> _DATA EXCERPT_:
Segment Open

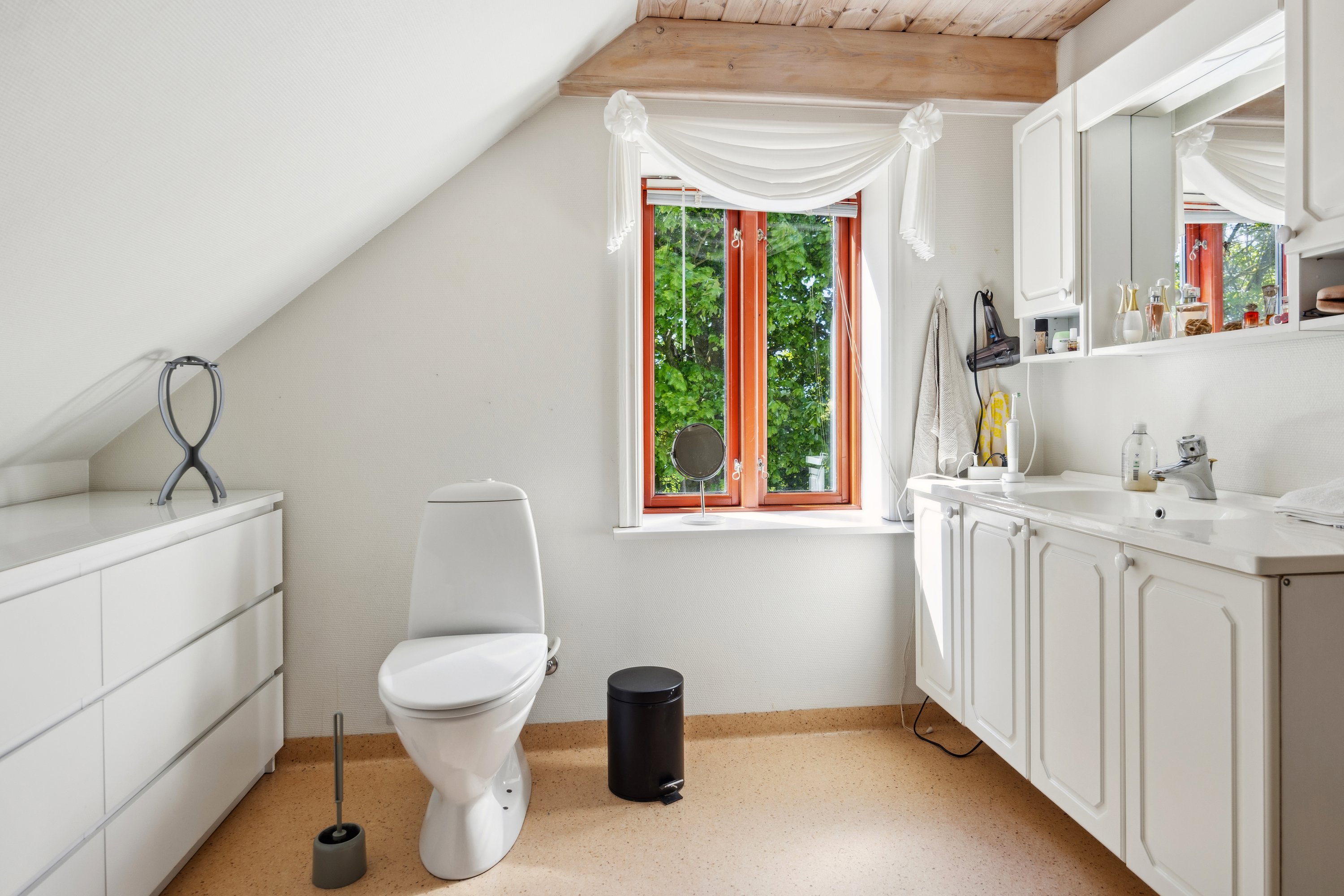 Fremhævet badeværelse billede i fuldskærmstilstand. Billede af Tolstrupvej 6, Thorup, 9330 Dronninglund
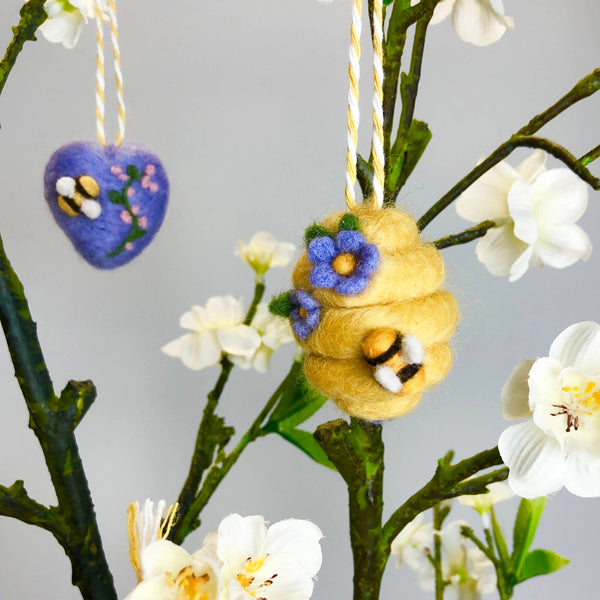 Needle Felting Kit - Springtime. A Pretty Craft for Easter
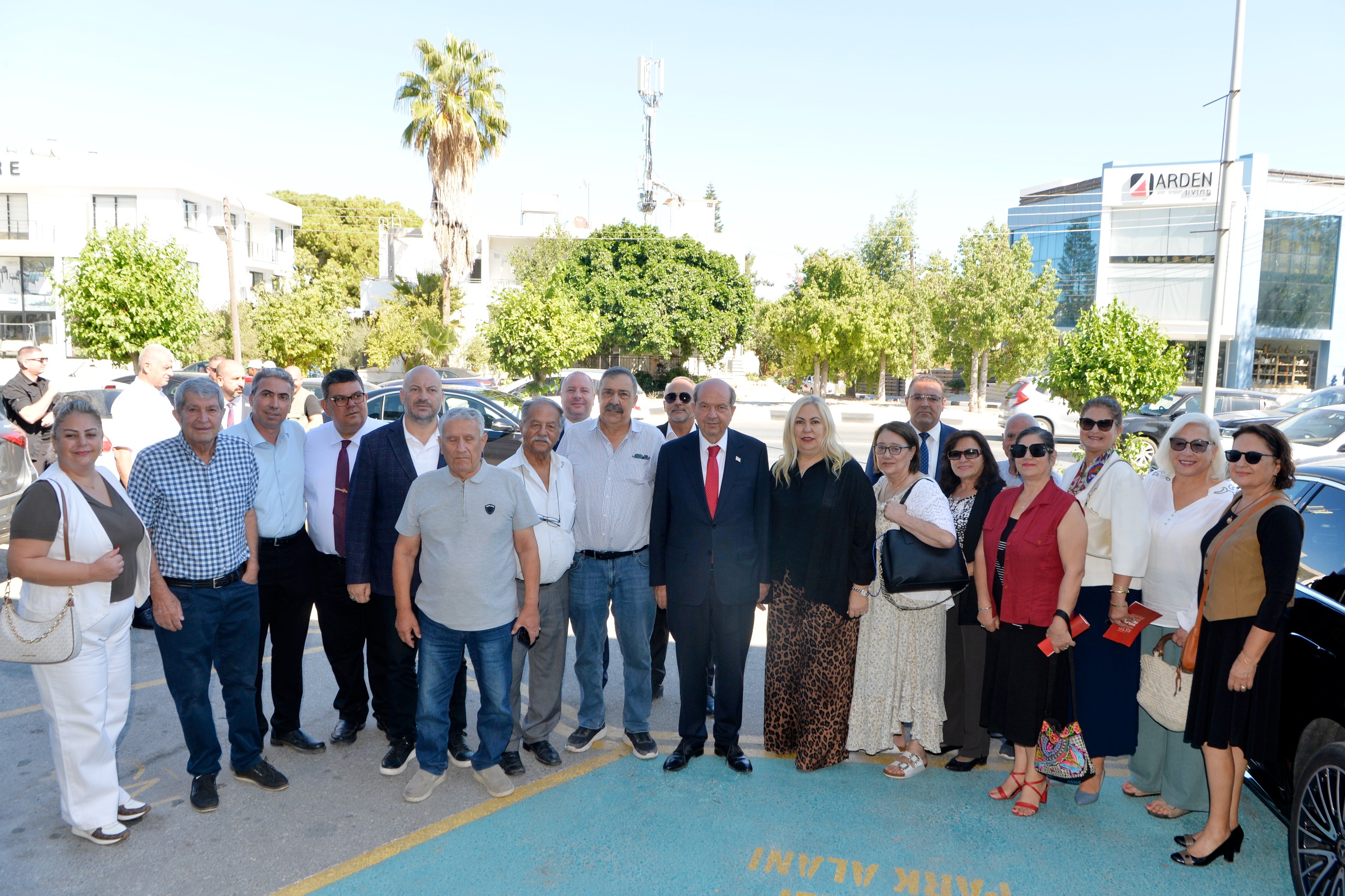 “Kıbrıs Türkü’nün gelişmesini değil, diz çöküp dayatılan çözümü kabul etmesini istiyorlar”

Segment Closed

> _WHAT YOU WILL DO_:
Pictures aside, please output the whole listing exactly as it appears above.

> _TASK RESPONSE_:
 Fremhævet badeværelse billede i fuldskærmstilstand. Billede af Tolstrupvej 6, Thorup, 9330 Dronninglund
 Needle Felting Kit - Springtime. A Pretty Craft for Easter
 “Kıbrıs Türkü’nün gelişmesini değil, diz çöküp dayatılan çözümü kabul etmesini istiyorlar”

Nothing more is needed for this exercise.